“Less than 1 percent of the American population is bearing 100 percent of the burden of battle.” - Tom Brokaw
Do you know someone fighting in Iraq or Afghanistan? Do you know a family who has a loved one fighting? If you don’t, Tom Brokaw says that you don’t think about the war or the people fighting it.
And I agree.
I was military-illiterate before I started dating my boyfriend. And even when we were together, he rarely spoke about his work so my acronym knowledge was lacking compared to most military families. When he came back from Iraq after eight months, I moved to where he was stationed. I met the military families and his fellow Marines - and I was floored.
My boyfriend was a Marine Corps Officer. He graduated college, had a good job lined up, but always wanted to go into the Marine Corps. Why? Because he was compelled to serve his country. And mostly every other service member shares that exact sentiment.
But what about the families? Husbands and wives endure multiple deployments and location changes. Children don’t see their parents for up to a year and a half. Parents miss their child’s first words, first steps, and first birthday party.
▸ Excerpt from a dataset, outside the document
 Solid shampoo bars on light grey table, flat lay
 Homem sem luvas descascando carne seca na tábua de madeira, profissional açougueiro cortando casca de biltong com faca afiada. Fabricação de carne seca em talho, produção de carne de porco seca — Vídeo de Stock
These are the people who hold down the fort at home while the spouse or parent goes to war.
These are the people who try to ensure a smooth transition home.
These are the people who are just as brave and just as resilient as the men and women who fight for us.
How often do you think of them? Do you think of them? Could you imagine going that long without seeing your loved ones - let alone thinking you may not ever see them again?
The families are strong. They choose and accept this lifestyle. They don’t ask for help. But, that doesn’t mean we can’t give it to them.
This post is for the families.
It is for the pregnant wife moving by herself across many states while her husband is stationed in Iraq to make sure he has a home to return to.
It is for the new mother who raises an infant while her husband leaves for Afghanistan only a few short months after their child is born.
It is for the spouse and parent who is the go-to on base for all of the other families, in addition to his/her own.
It is for the young couple in love, waiting to start a life together.
It is for the children who only know their parents through Internet video chats.
It is for the parents, the siblings, the aunts, the uncles, the cousins, the best friends, the nieces, the nephews, the girlfriends, the boyfriends, and the people who hope and pray and wait for their loved ones to come home.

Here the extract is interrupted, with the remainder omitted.